In his question, as it appears in tomorrow's Sunday Magazine (not yet online), Kramer asks if it's okay to lie to his fiercely Jewish in-laws about whether a cooking pot he normally uses to prepare their dinner is kosher. Kramer admits to having used the pot to make some traif soup once, and his wife says he has to come clean or buy a new pot. It's a pretty classic "what you don't know can't hurt you" type of problem, and Cohen predictably advises Kramer to just be honest.

At the end of the column, though, he has a different idea: "There is another way to analyze your keeping this secret: you haven't. Not anymore."

It's a weird remark for Cohen to make considering the same could be said for almost anyone who has ever written in to The Ethicist under a real name, but it's weirder still in light of the Bob Novak-style mistake he admitted to last Sunday.

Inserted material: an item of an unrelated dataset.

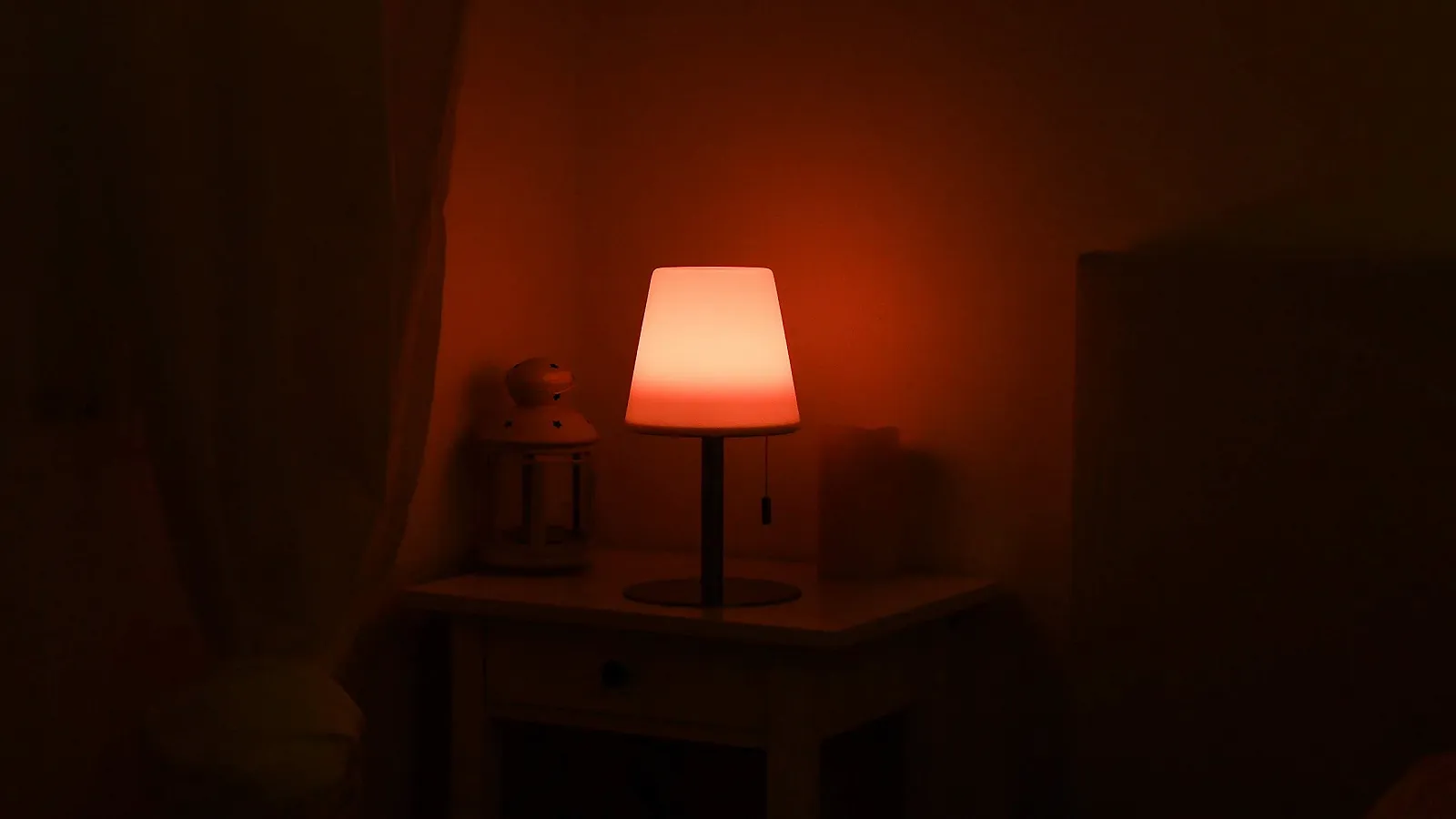 Настільна лампа Northpoint акумуляторна LED 4400 мАг 30 см зміна кольору водонепроникна біла, фото №2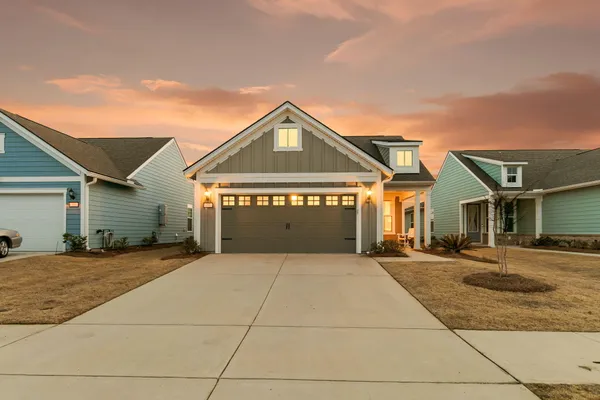 Property Slideshow image 2 of 60 | 355 dahlia row dr, Summerville, SC, 29486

As discussed, that was a pretty complicated situation, but the basic issue was that a creative writing teacher from Tuscaloosa named Wendy Rawlings had written a letter to The Ethicist and requested anonymity when informed that it would be published. Her name appeared anyway, and apparently caused quite a bit of grief within the University of Alabama creative writing department. In a correction that ran the following week, Cohen apologized for using her name, saying that he had "failed to see that request in her e-mail message." In an interview, he told Gawker Weekend that even though the woman had left analogous instructions on an answering machine in the Times Magazine office, the fact-checker did not hear it or possibly did not listen to the end. Either way, Rawlings was unmasked and feelings were hurt.

The circumstances here are quite different: Kramer volunteered the use of his name, and as we found out this morning when we talked to him, he really didn't care if his in-laws found out about his scheme. "Anyone who knows me knows I'm an asshole, so it's really not a secret," he said. "If I had trouble with telling my in-laws that I used the pot, then I probably wouldn't have written to him in the first place."

Originally, though, Kramer had signed his letter "Reformed in Montclair," aping the traditional Dear Abby sign-off that the Times people apparently deemed too cutesy. When he heard that, Kramer told them his name was Moses Teitelbaum, who is the grand rabbi of the Satmar Hasidim. "Then I said, 'just kidding, put my real name.'"

And so they did. One wonders whether, at this rate, they will have that opportunity ever again.